= Beginning of Section =

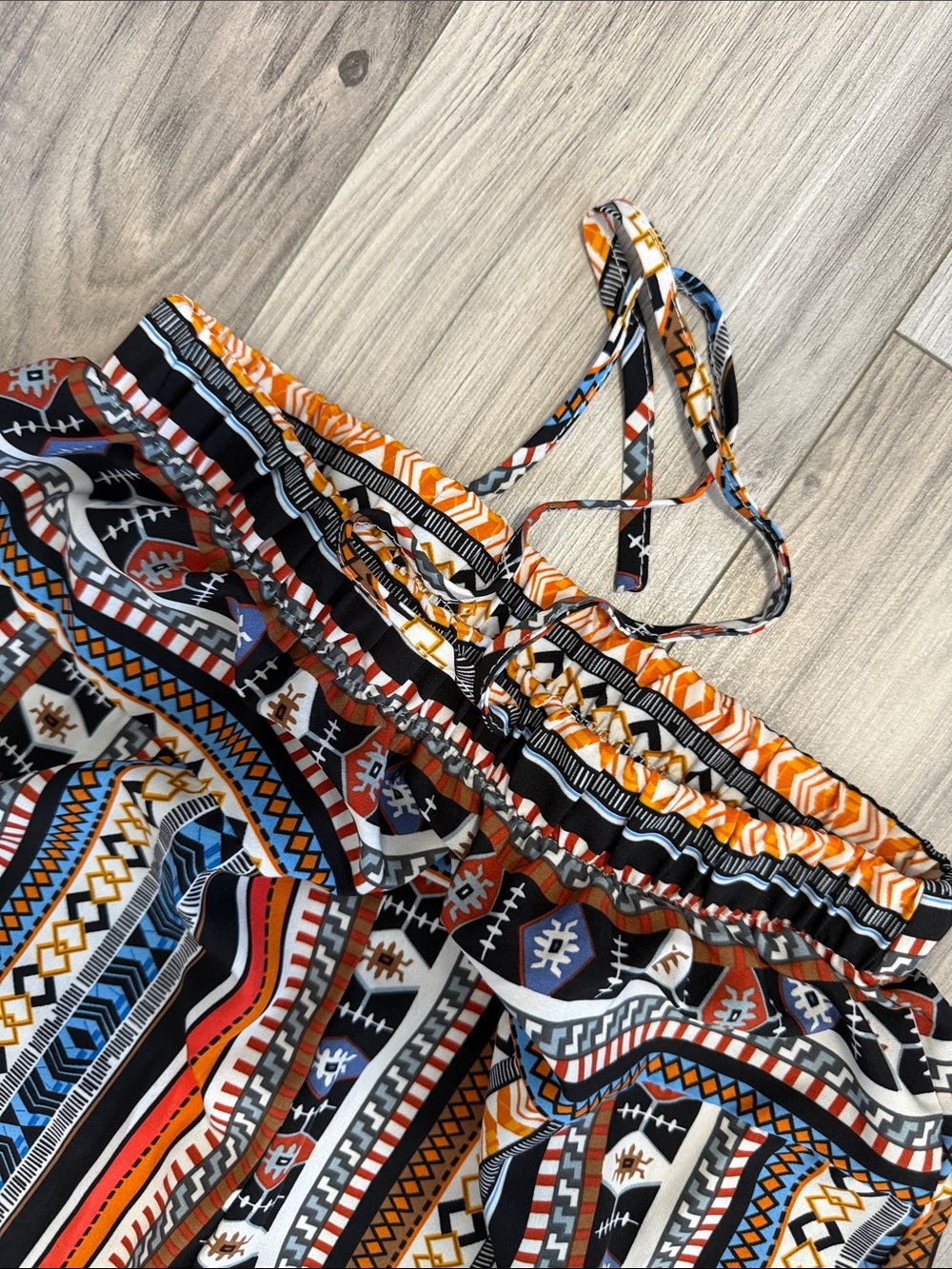 Women’s Lightweight Bohemian Striped Jogger Pants - Multi Color - Picture 2 of 3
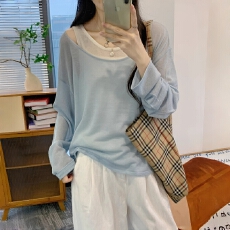 批发蓝色两件套冰丝针织衫防晒罩衫<b class='q'>女</b>夏季薄款外搭<b class='q'>长袖</b>t恤多巴胺上衣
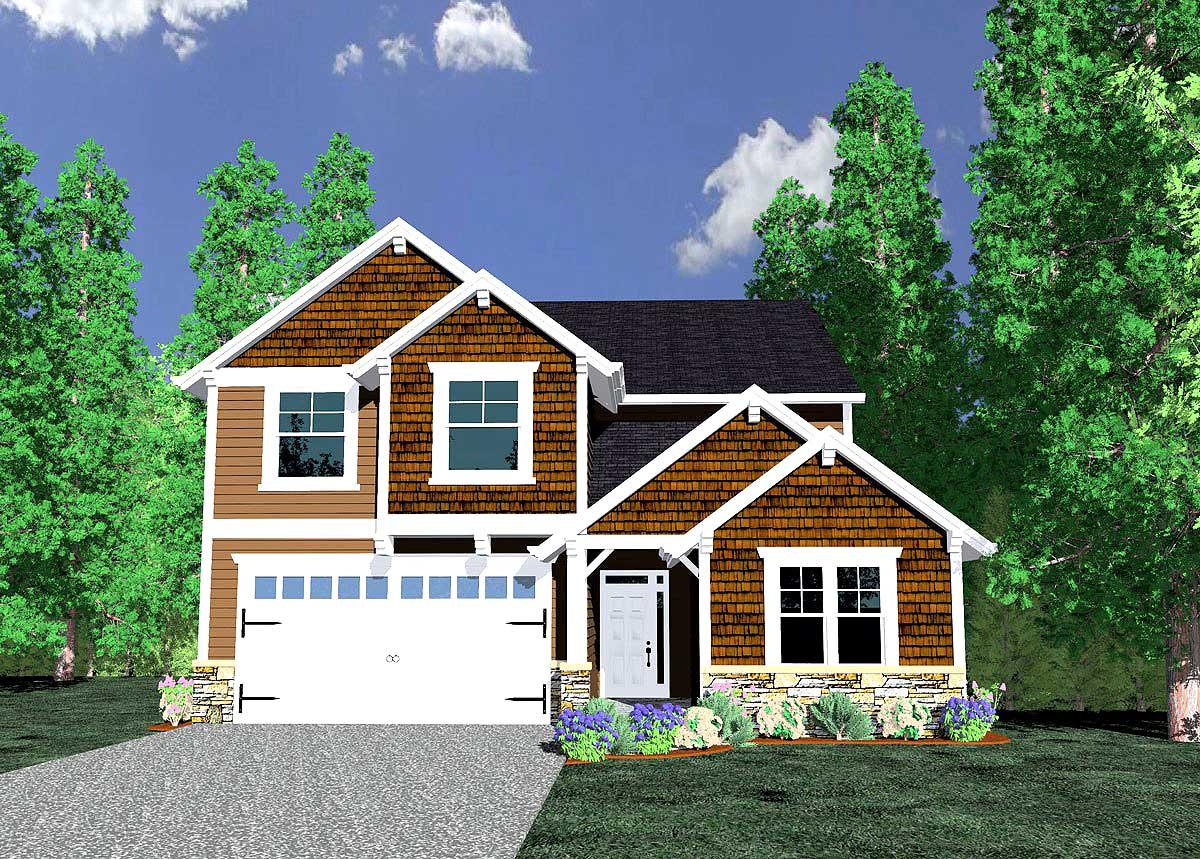 Two-story Craftsman house plan exterior with two gables, shingle siding, covered porch, and a two-car garage.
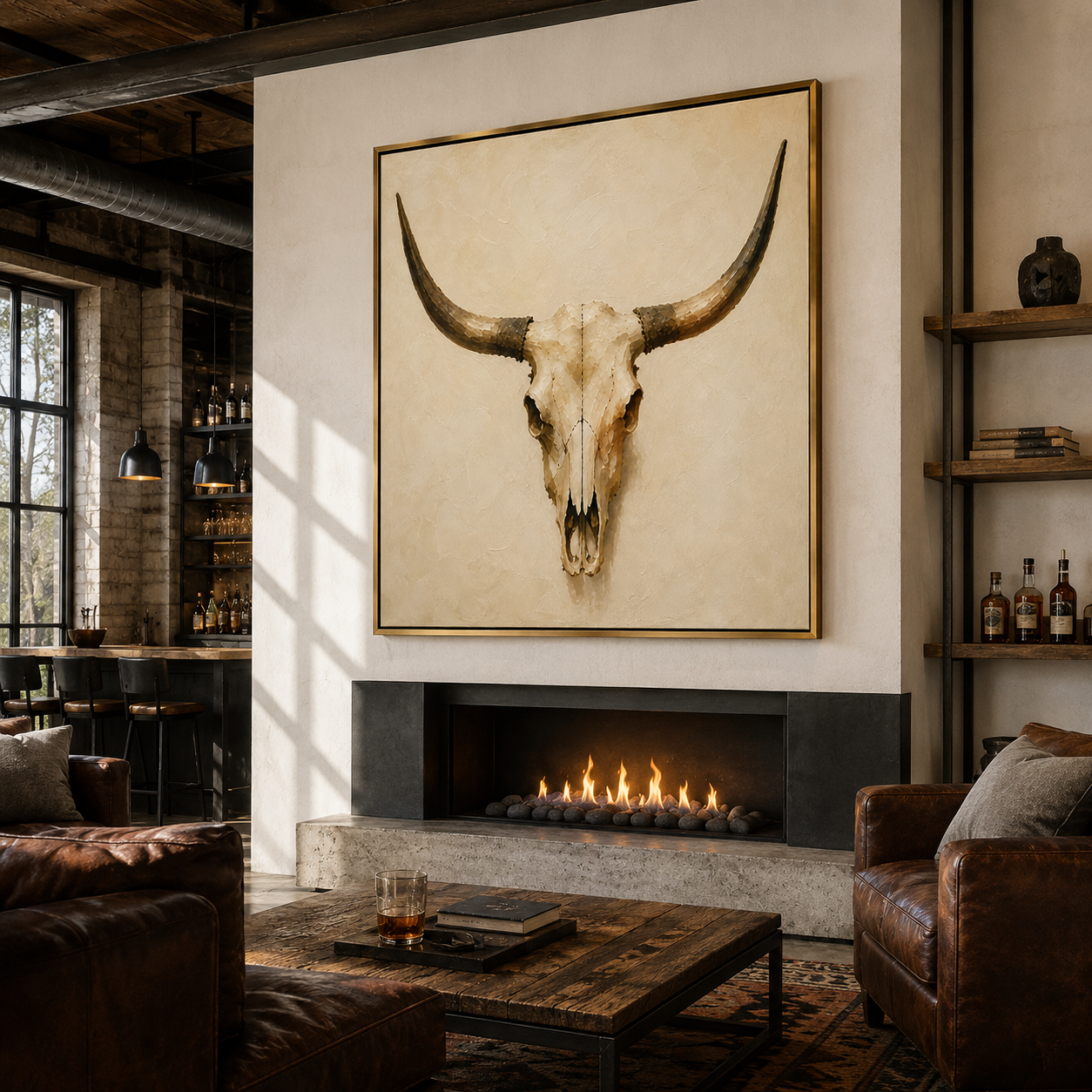 Textured western canvas painting with neutral tones for living room wall decor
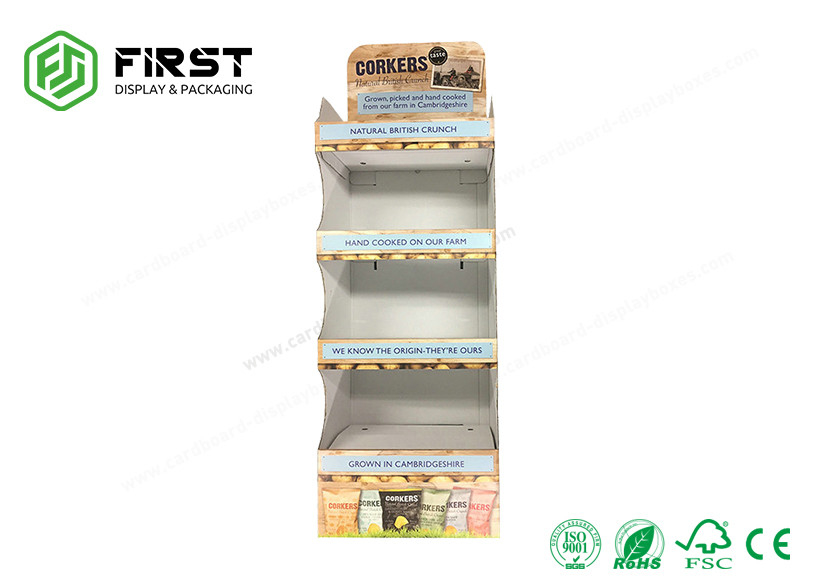 Color Printing Cardboard Display Stands Custom Made Folding Corrugated Paper Floor Display Shelf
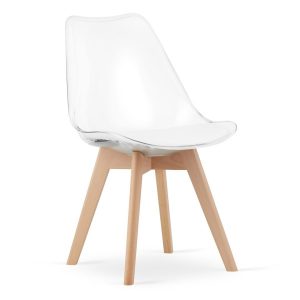 Krzesło MARK – przezroczyste / nogi naturalne x 1 204477 Krzesło MARK – przezroczyste / nogi naturalne x 1 204477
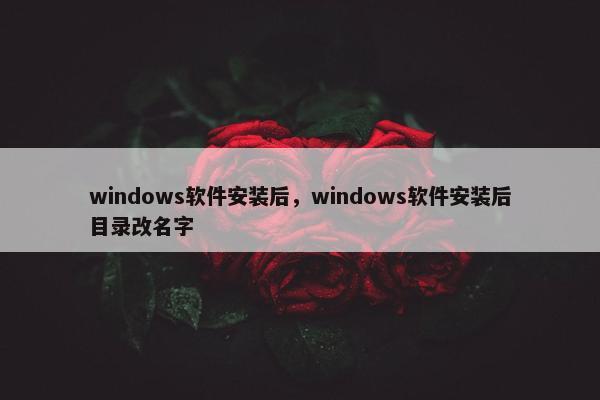 windows软件安装后，windows软件安装后目录改名字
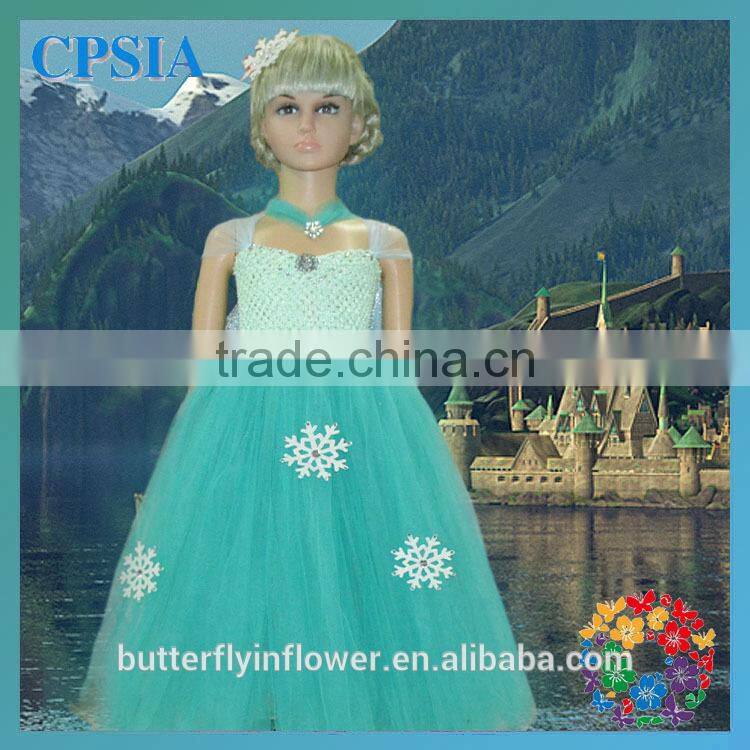 2014 Pretty Girl Dress Latest Blue Aqua Tutu Dress & headband &Glitter Cape Set Baby Clothes Wholesale Price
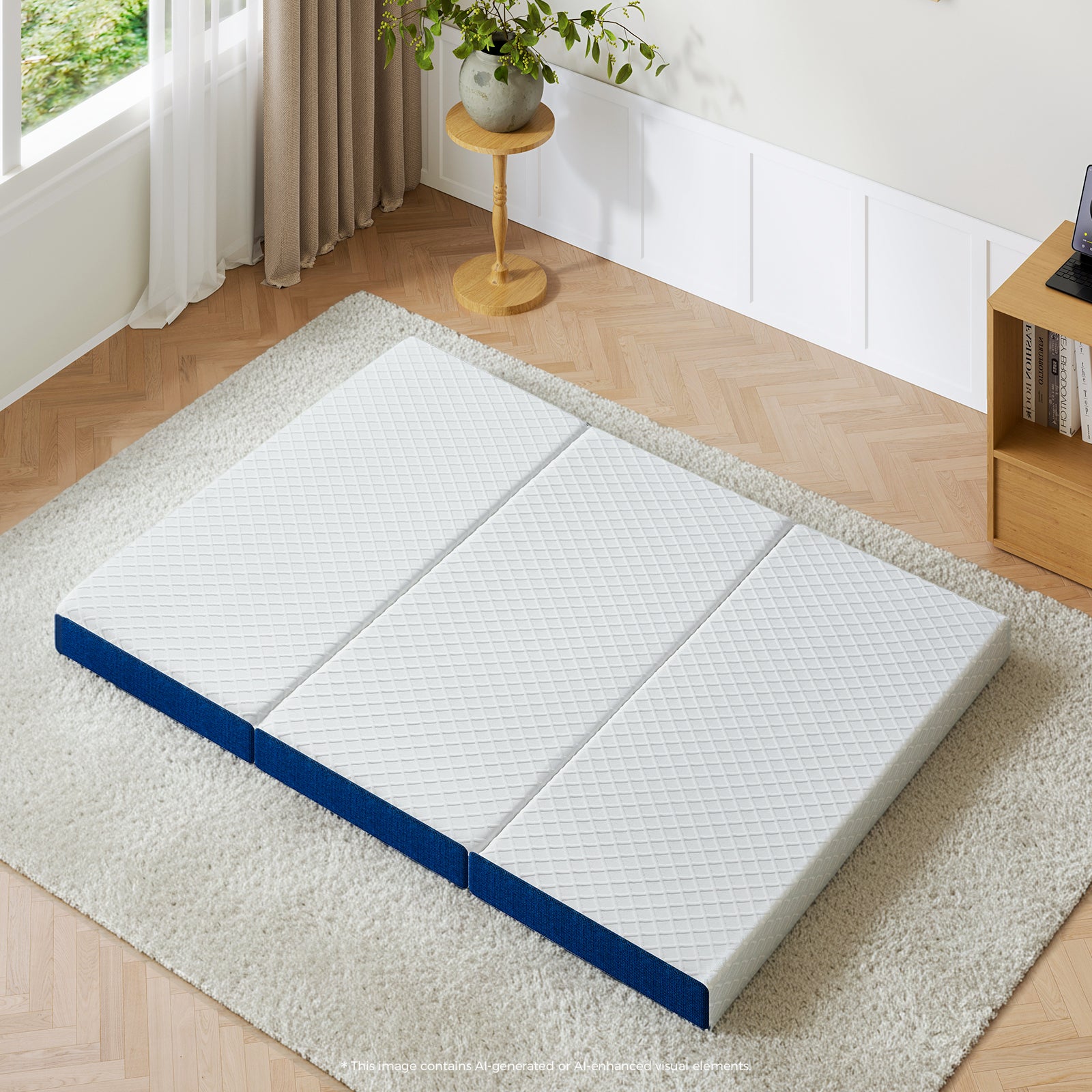 Inofia 6 Inch Folding Mattress with Removable Cover Portable Floor Guest Bed for RV, Camping
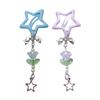 Blue/Purple Star Shape Hairpin for Girls Cute Sweet Style Charm Hair Barrettes with Flower Pendant for Photography
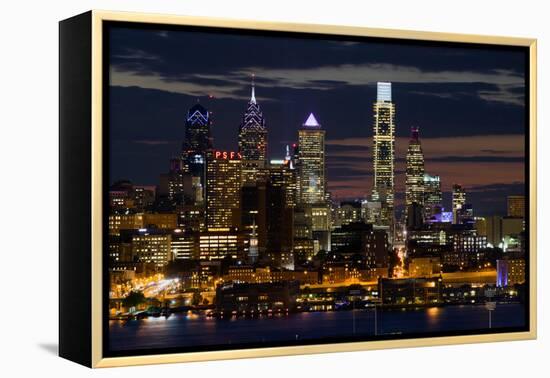 Illuminated skylines, Philadelphia, Pennsylvania, USA-null-Framed Premier Image Canvas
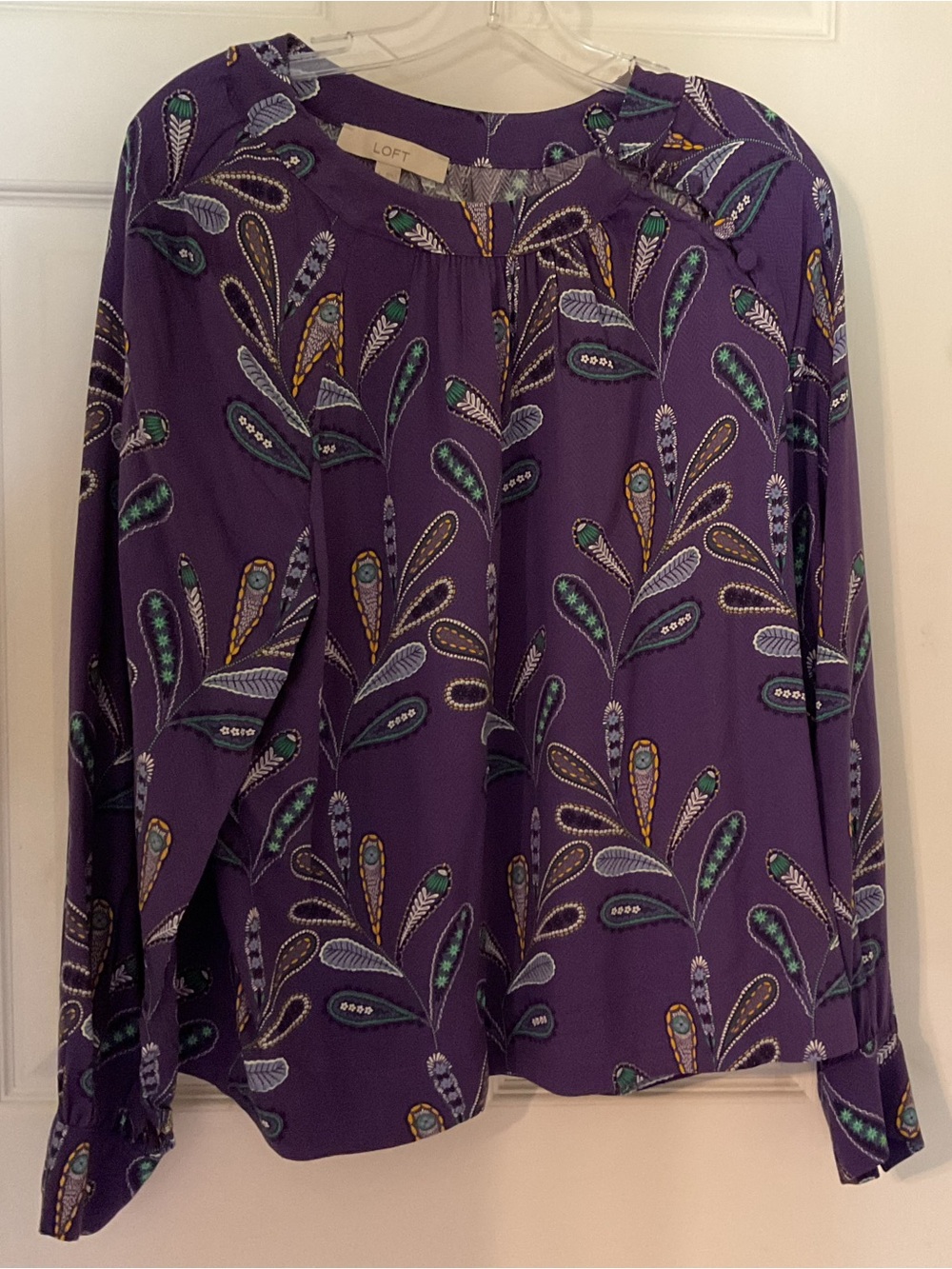 LOFT Purple Floral-Feather Print Long Sleeve Blouse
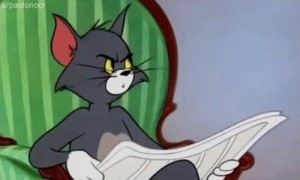 Create meme: meme of Tom and Jerry, tom and jerry tom, Tom and Jerry Tom with the newspaper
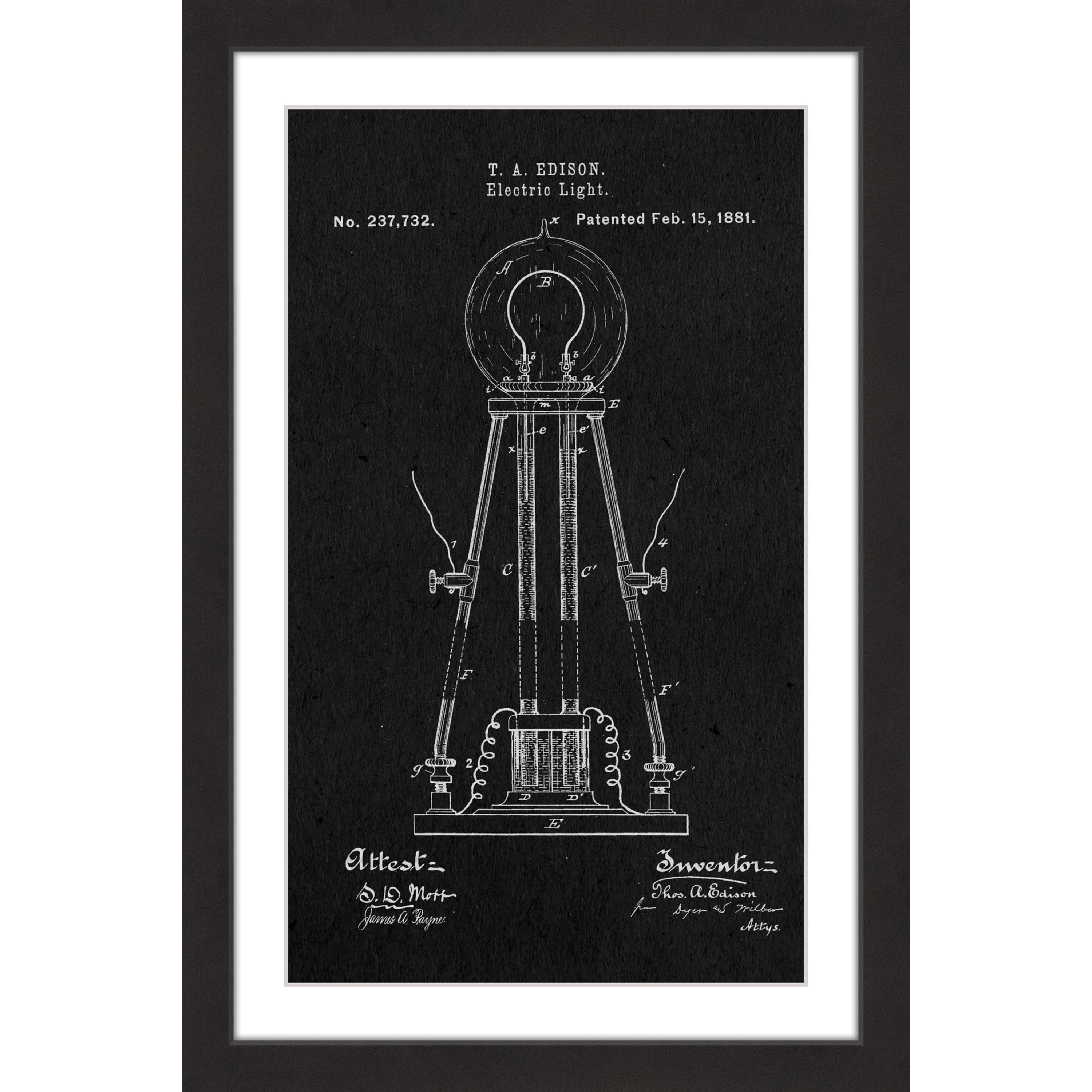 "Edison Light 1881 Black Paper" Framed Painting Print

= End of Section =

▸ What you should do
Beginning with the line that contains "Two-story Craftsman house" and ending with the final line of the listing, return each line exactly. Omit all pictures.

▸ Solution to the exercise
 Two-story Craftsman house plan exterior with two gables, shingle siding, covered porch, and a two-car garage.
 Textured western canvas painting with neutral tones for living room wall decor
 Color Printing Cardboard Display Stands Custom Made Folding Corrugated Paper Floor Display Shelf
 Krzesło MARK – przezroczyste / nogi naturalne x 1 204477 Krzesło MARK – przezroczyste / nogi naturalne x 1 204477
 windows软件安装后，windows软件安装后目录改名字
 2014 Pretty Girl Dress Latest Blue Aqua Tutu Dress & headband &Glitter Cape Set Baby Clothes Wholesale Price
 Inofia 6 Inch Folding Mattress with Removable Cover Portable Floor Guest Bed for RV, Camping
 Blue/Purple Star Shape Hairpin for Girls Cute Sweet Style Charm Hair Barrettes with Flower Pendant for Photography
 Illuminated skylines, Philadelphia, Pennsylvania, USA-null-Framed Premier Image Canvas
 LOFT Purple Floral-Feather Print Long Sleeve Blouse
 Create meme: meme of Tom and Jerry, tom and jerry tom, Tom and Jerry Tom with the newspaper
 "Edison Light 1881 Black Paper" Framed Painting Print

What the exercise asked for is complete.